Hik Online Sistemi üzerinden yürüyen Saadet Zinciri’nin merkezinin Çin olduğunu kaydeden Ünsal, “Burada da bu işe ilk giren bir kişi var Düzce’den; bu da kendi etrafındaki insanlarla diyalog kuruyor ve daha sonra bu yayılıyor. Ama işin merkezi ne Düzce, ne İstanbul, ne de Türkiye. İşin merkezi Çin ve bütün trafik Almanya üzerinden, Çin üzerinden dönüyor. Burada şöyle bir şey var; mayıs, haziran ve temmuzdan beri parayı kazanan kazanmış. Fakat öyle bir noktaya gelmiş ki insanlar, milyonları dökmeye başlamış insanlar. Yani 100 bin TL’yi yatırıp, 10 bin TL hemen bonus alıyorsun, 5 gün bekledikten sonra 50 bin TL alıyorsun. Ama 5 gün boyunca o ürünleri alacaksın, satacaksın. Vergi yok, muhatap yok. Ne var? Burada bu konuya ilk vakıf olan, giren kimse, bunların 190 – 200 kişilik bir grupları var, bu grupların içinde yarışan yarışana. Bu zincir ya, bu işe ilk giren lider oluyor. O işe ilk giren lider veya o insandan yardımlar isteniyor. Kredi çeken mi dersin, altınını satan mı dersin, parasını bozduran mı dersin; arkadaş bu ne aç gözlülük! Yani hiçbir şekilde 10 bin TL paranın bir ayda 100 bin TL para kazanacağı bir sistem var mı? Vergi yok, algı yok, döviz bürosuna gitmek yok. Paribu, BTC Türk, Bilanse dedikleri Bitcoin üzerinden dönen bir sistem üzerinden parayı kazan getir, 1’e 10 kazan. Burada işin özünde şu var; mesela buna ilk defa ben girdim, ben para kazanmaya başladım, Saadet Zinciri bu ya, benim peşime takıldılar, onlar kazandıkça ben kazanırım, ben kazandıkça onlar kazanıyor, kazan kazan oynuyoruz, ekran kapandığı zaman ‘benim para nerede!’ Sen bana vermedin ki parayı.” ifadelerini kullandı.
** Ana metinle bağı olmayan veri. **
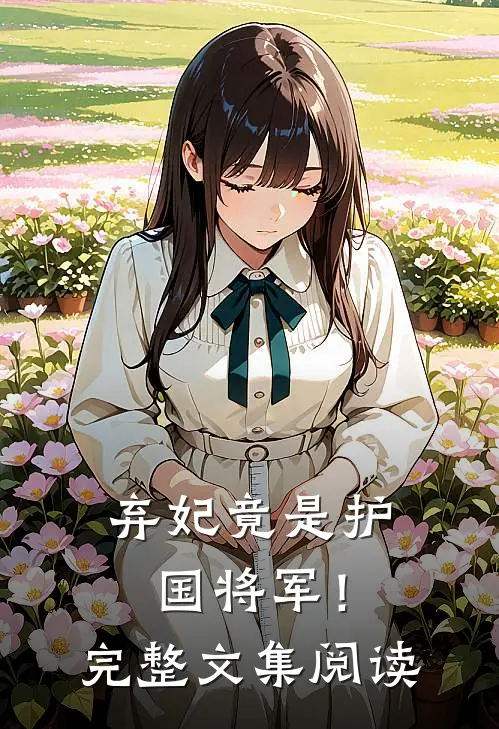 弃妃竟是护国将军!完整文集阅读免费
“Beraber kazanalım diyenler birbirine düştü”

“O kadar enteresan ki herkes para kazanırken coşmuş, para kaybedince veya istedikleri olmayınca savcılığa emniyete koşmuş.” diyen Ünsal, son olarak şunları söyledi:

“Peki, savcılıkta kimden şikâyetçi olacaksın? ‘Ben de senin gibiyim’ diyor, ‘Belki benim de param kaldı içeride.’ Yani tabiri caiz ise iki ucu necasetli bir değnek, neresinden tutulacağı belli olmayan bir iş. İşin sonunda gittiniz savcılığa ‘Benim 300 bin TL param kayıp.’ Bir kere belgeleri, yapılan işlemi Türkiye Cumhuriyeti devleti tanımıyor ki. Hani nasıl bir yasal dinlemede, savcılık ve mahkeme kararı olmadan, hiçbir dinleme delil olmadığı gibi burada da delil değil. İkincisi, adam diyor ki ‘Karımı alayım!’ Zaten parayı kazanmış, anapara dönmüş ve işin sonunda buradaki sıkıntı ne biliyor musunuz? Burada en çok kaybedenlerden bir tanesi, bu işi duyan emniyet mensupları, sonra gelen esnaflar, belediyedeki bir kısım, sağlıktaki bir kısım, vilayetteki bir kısım, kazanan da çok. Buradan hiç kimse kazandığını söylemiyor. Peki, kazandığını gidiyorsun mahkemeye beyan ediyorsun, ‘Benim bu kadar param vardı.’ diye. Eğer o yapılan işlemler çözüldüğü zaman, mesela 100 bin TL koydunuz, 100 bin TL aldınız, 50 bin TL’de kar aldınız, o 50 bin TL’yi oraya koydunuz çeviriyorsunuz, oldu 300 bin TL, 500 bin TL. Bunu da ispat ettiniz, ‘Buradan alacağım var.’ dediniz. Peki, devlet sormayacak mı? ‘Bunun vergisi nerede?’ diye. İşin enteresanı da şu; bu konuda yardım alınan, bu konuda ‘Beraber para kazanalım.’ diyen insanlar birbirine düşmüş vaziyette. Tam açık olmasa bile aşağı yukarı 3 bin kişinin dahil olduğu ve 100 – 150 kişinin mağdur olduğu bir sistemden bahsediyoruz. Zaten, bunlar aylardır kazanıyor. Kaybedenler de, bu işten çok büyük para kazanmak adına 700 bin TL, 1 milyon para yatıranlar. Hani 1 milyon para yatırıp, 1 ay sonra bu para dönecek ya, bunun akılla, matematikle, ekonomi ile bir izahı olmaz. Şimdi kimden ne isteyeceksiniz, hakkınızı nereden alacaksınız? Yani bu işin merkezi ne Düzce, ne de İstanbul. Bu işin merkezi yurtdışı. Hani kazan doğurduğu zaman inanıyordunuz, öldüğü zaman da inanacaksınız o zaman. İnşallah yürütülen süreçte bir takım veriler ortaya çıkar, kimin ne kazandığını, ne kaybettiğini, kimlerin olduğunu, nasıl olduğunu, bir de belgelendiği zaman, artık o parayı alabilirlerse, uluslararası bir şebeke, bu kadar kolay para kazanılıyorsa, devlet de inşallah burada kazanılan paraların vergilerini alır.”